### DATA SHOWN
-- -- --
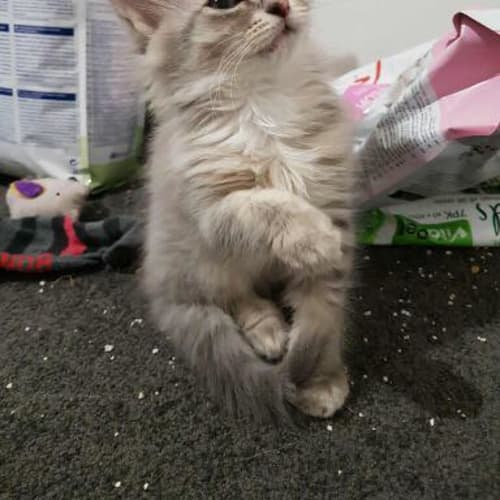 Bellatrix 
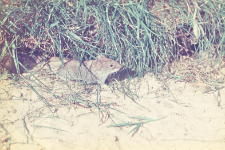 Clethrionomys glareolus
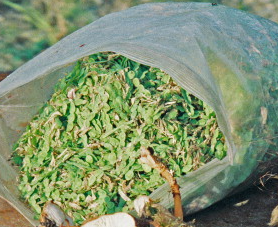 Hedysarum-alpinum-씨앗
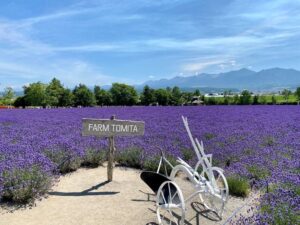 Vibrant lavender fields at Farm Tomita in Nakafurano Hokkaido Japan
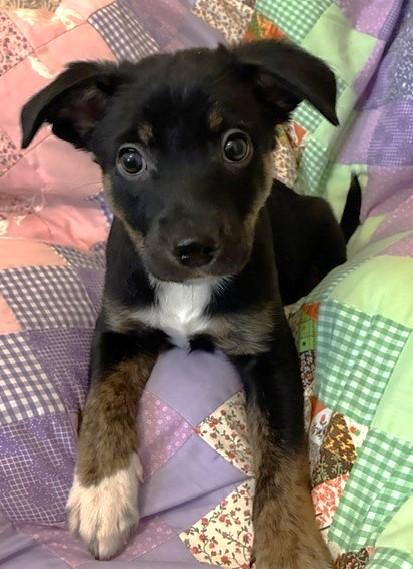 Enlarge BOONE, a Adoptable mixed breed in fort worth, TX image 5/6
-- -- --
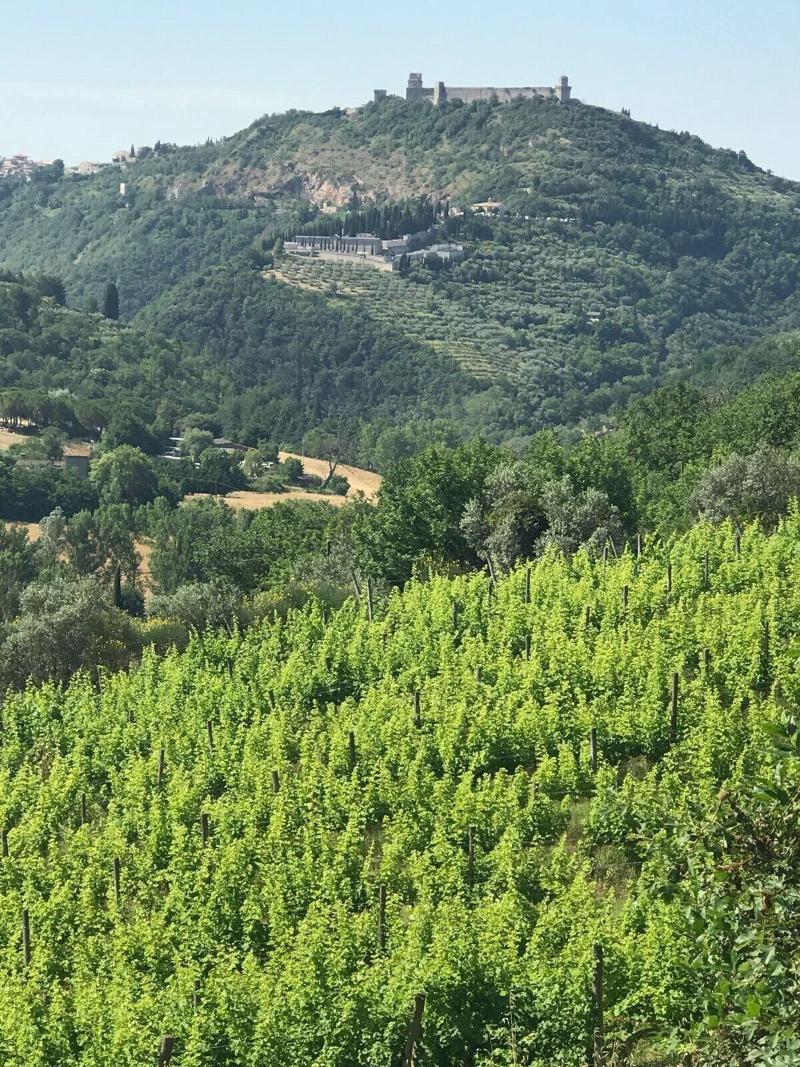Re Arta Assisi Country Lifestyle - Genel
-- -- --
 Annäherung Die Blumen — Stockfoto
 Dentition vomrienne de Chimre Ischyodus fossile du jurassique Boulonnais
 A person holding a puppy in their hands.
-- -- --
Write out the lines above from the one with "Vibrant lavender fields" through the one with "Enlarge BOONE, a", ends included, exactly; no picture goes in.

 Vibrant lavender fields at Farm Tomita in Nakafurano Hokkaido Japan
 Enlarge BOONE, a Adoptable mixed breed in fort worth, TX image 5/6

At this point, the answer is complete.